Where we sit in this: we build PRFlow, which posts each GitLab merge request to Slack as one message that updates in place with CI/CD status and review comments. The point, for this topic, is that it removes one category of self-inflicted switch: you stop refreshing GitLab to see whether the pipeline passed or the review landed, because the message changes when the state does. It will not fix your meeting calendar. It does take a common polling habit off the table. If your team lives in pasted links, the sharing merge requests workflow is the closest fit.

How to cut the cost of context switching

None of these are exotic. They are the boring levers that actually move the number.

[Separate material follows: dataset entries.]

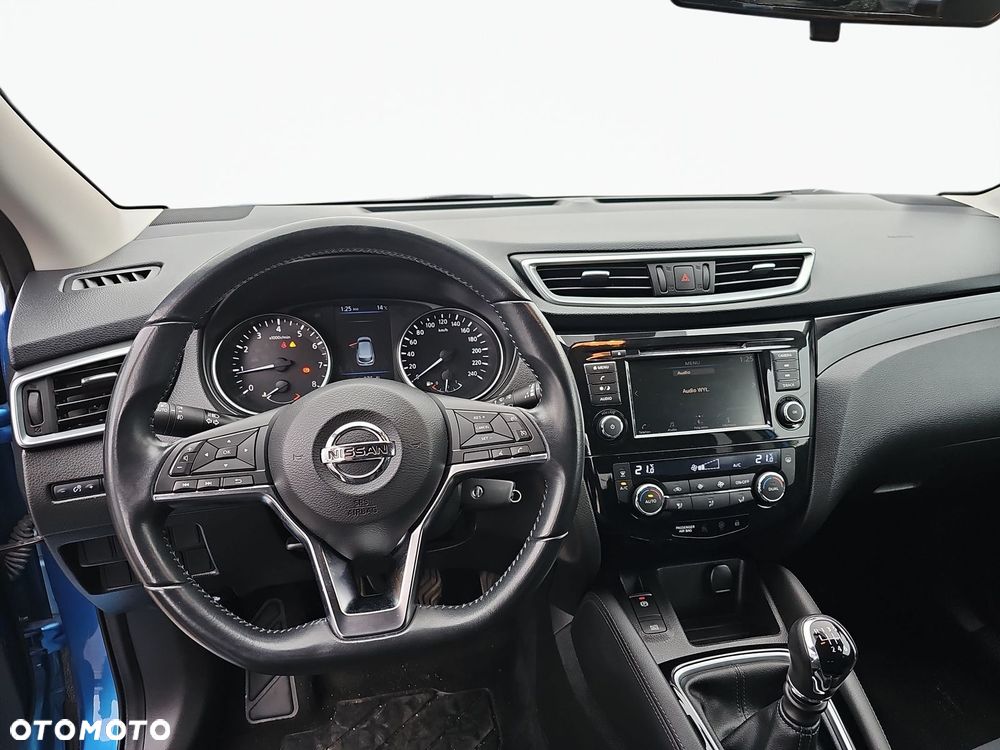 Nissan Qashqai 1.3 DIG-T Acenta - 12
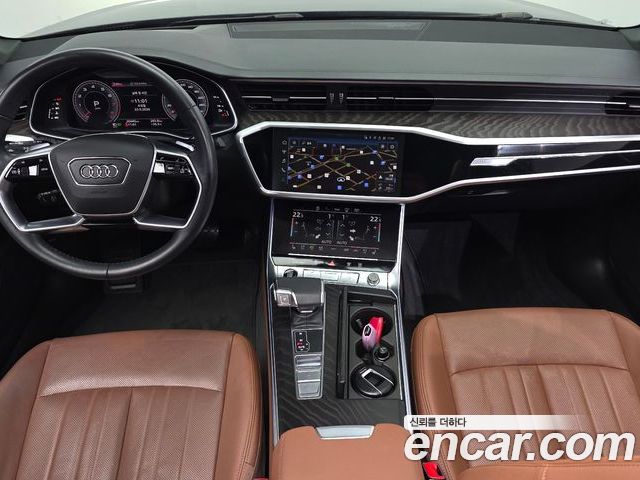 Audi A6 2023 — фото 10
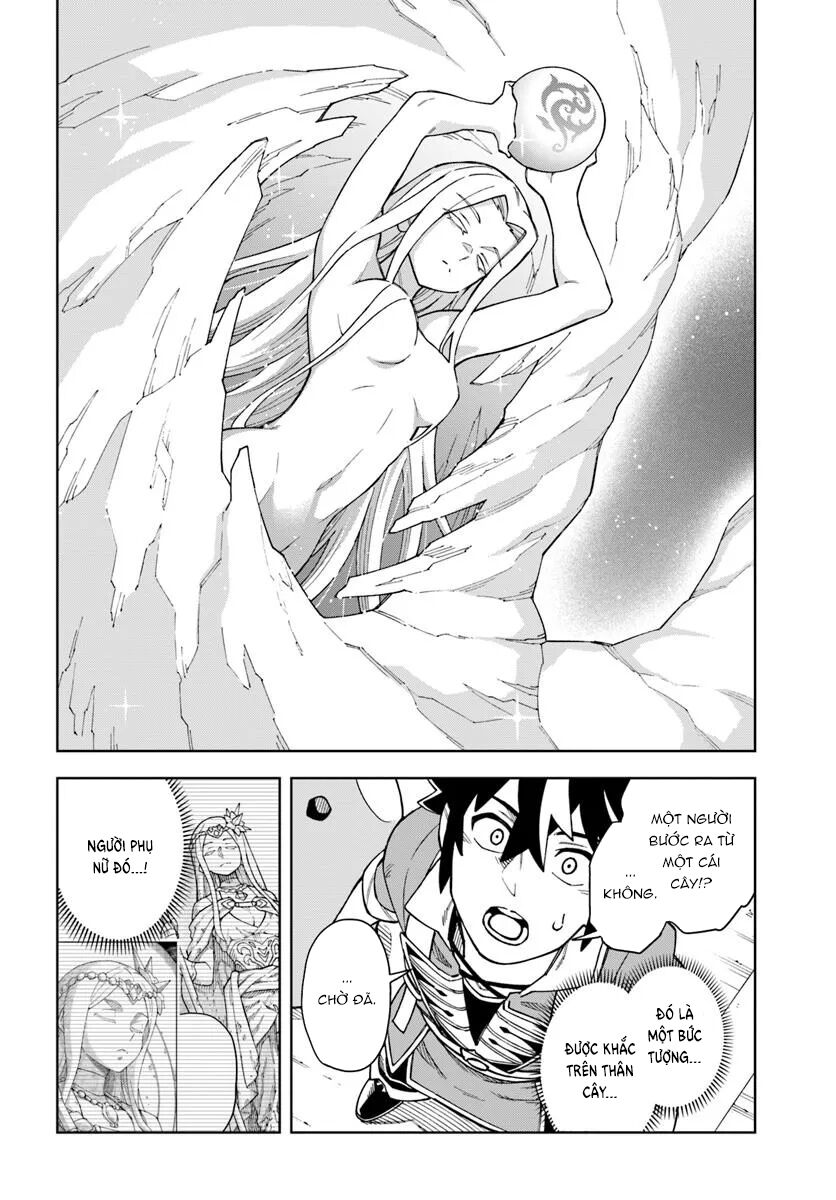 Cuộc Sống Thiên Đường Bắt Đầu Với Vua Hang Động ~ Trở Thành Người Mạnh Nhất Với Kỹ Năng Khai Thác Toàn Diện!? Chapter 34.1 - Trang 2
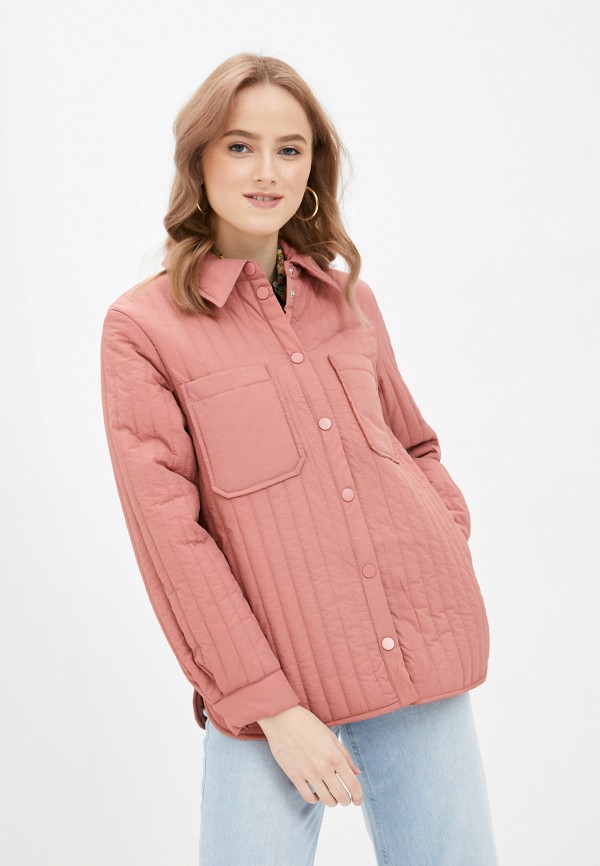 

Куртка утепленная Pieces, Розовый, Pieces RTLAAB750202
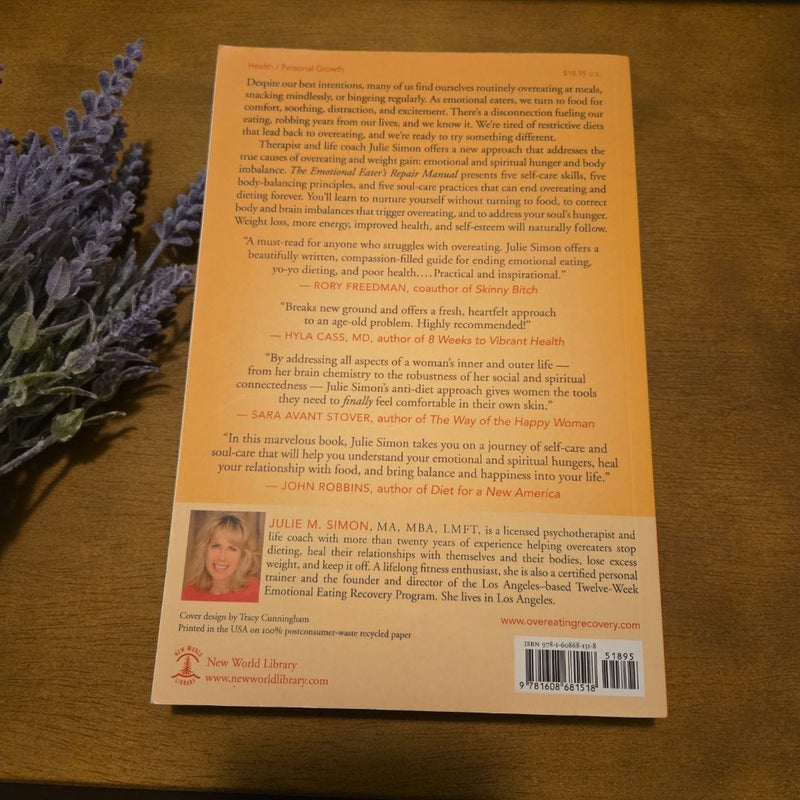 The Emotional Eater's Repair Manual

  • Protect real focus blocks. A two-hour uninterrupted stretch is roughly what a developer gets in a good day, per Parnin, so treat it as scarce. No-meeting mornings and a culture where a closed door or a status dot is respected buy back the one thing the research says matters most.
  • Batch interruptions instead of scattering them. Async by default, questions collected and answered at set times, and a norm that most things can wait an hour. Five questions at 2pm cost one reload; five questions across the afternoon cost five.
  • Stop making people poll for status. If engineers are refreshing pipelines or checking whether an MR moved, that is a switch you can design away by pushing the status to them when it changes.
  • Keep reviews small and fast. A review that sits for two days has to be reloaded by a reviewer who has forgotten it and an author who has moved on. Smaller changes and quicker turnaround shrink how much context has to be rebuilt on both sides.
  • Make the queue visible so nobody hunts. When the work waiting on someone is obvious, they are not switching in and out of a tool to go looking for it. A visible queue is also how review stops becoming the bottleneck on everything the team ships.

Bottom line

The cost of context switching is real, it is measured in tens of minutes per interruption, and almost none of it shows up on a dashboard. You cannot delete interruptions, but you can stop manufacturing them: guard the deep-work blocks, batch the questions, and remove the status checks people do by hand. Start by counting how often your engineers flip to GitLab just to see whether something changed. That number is usually higher than anyone expects, and it is the easiest one to bring down.